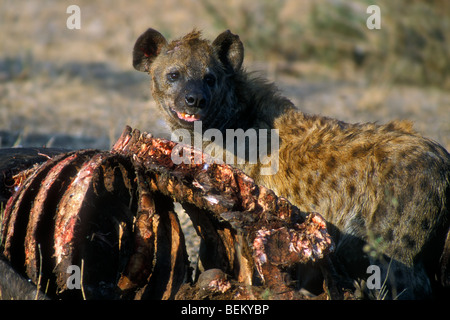 Gefleckte Hyänen (Crocuta Crocuta) Fütterung auf Büffel Karkasse, Krüger Nationalpark, Südafrika Stockfoto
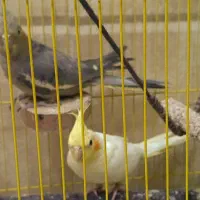 عروس هلندی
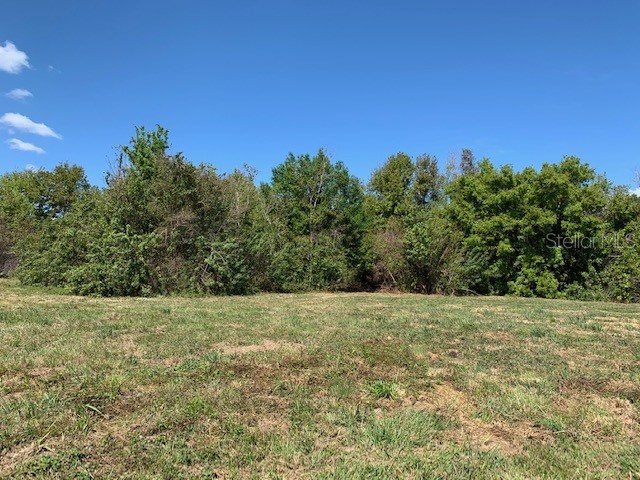 1290 Cinder Lane Kissimmee FL 34744 S5093500 image21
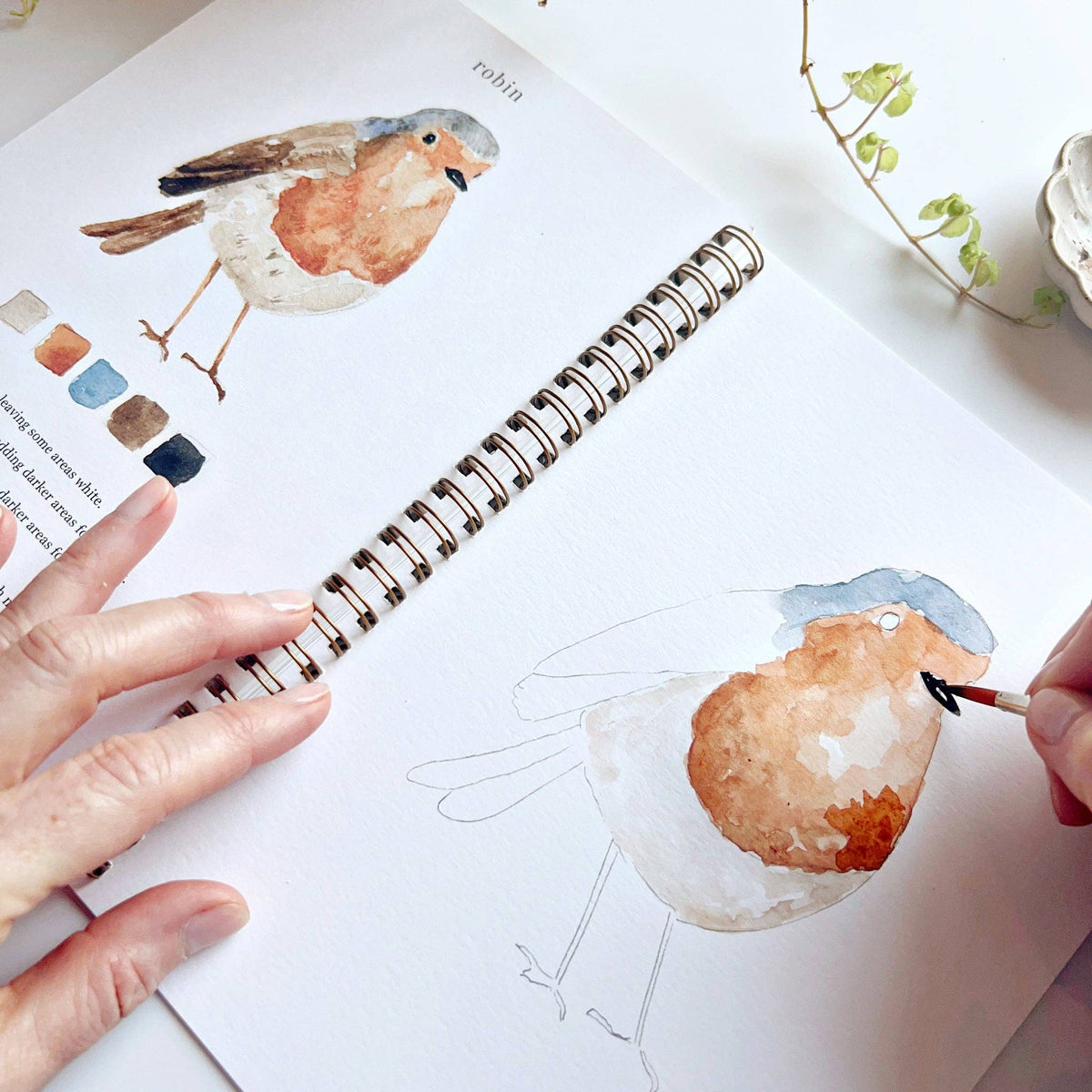 emily lex studio - Birds watercolor workbook - Lavenders Blue Home and Body Boutique 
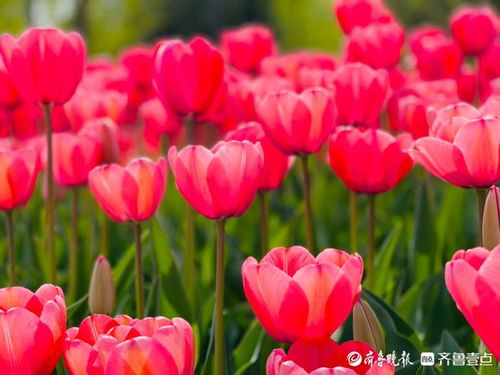 郁金香都有什么颜色  郁金香，色彩斑斓的花中之王，色彩斑斓的花中之王。--第1张
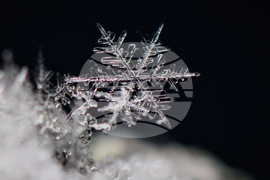 Germany Extreme Weather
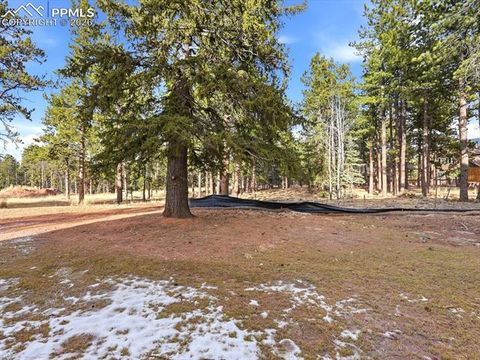 Tiny photo for 1308 Stone Ridge Drive, Woodland Park, CO 80863 (MLS # 2245360)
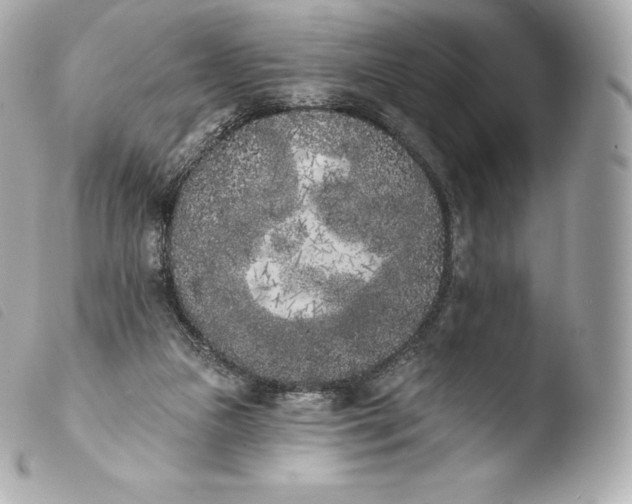 X0000103910161200810031221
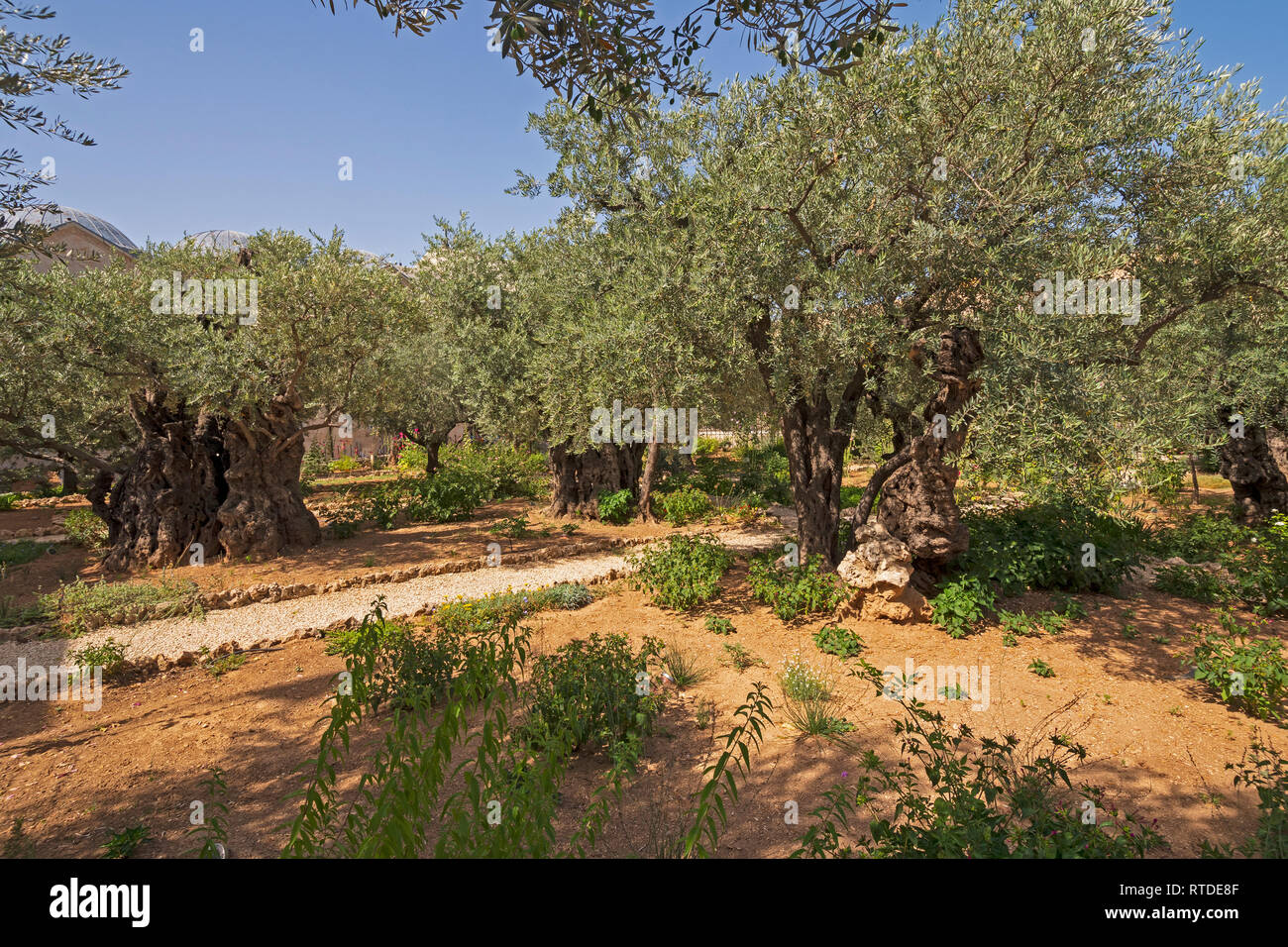 Olivenbaume Im Garten Gethsemane In Der Nahe Von Jerusalem In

........

The problem:
Set down word for word the lines from the opening of the entries above through the line that contains "Tiny photo for", and omit every picture.

Solution:
 Gefleckte Hyänen (Crocuta Crocuta) Fütterung auf Büffel Karkasse, Krüger Nationalpark, Südafrika Stockfoto
 عروس هلندی
 1290 Cinder Lane Kissimmee FL 34744 S5093500 image21
 emily lex studio - Birds watercolor workbook - Lavenders Blue Home and Body Boutique 
 郁金香都有什么颜色  郁金香，色彩斑斓的花中之王，色彩斑斓的花中之王。--第1张
 Germany Extreme Weather
 Tiny photo for 1308 Stone Ridge Drive, Woodland Park, CO 80863 (MLS # 2245360)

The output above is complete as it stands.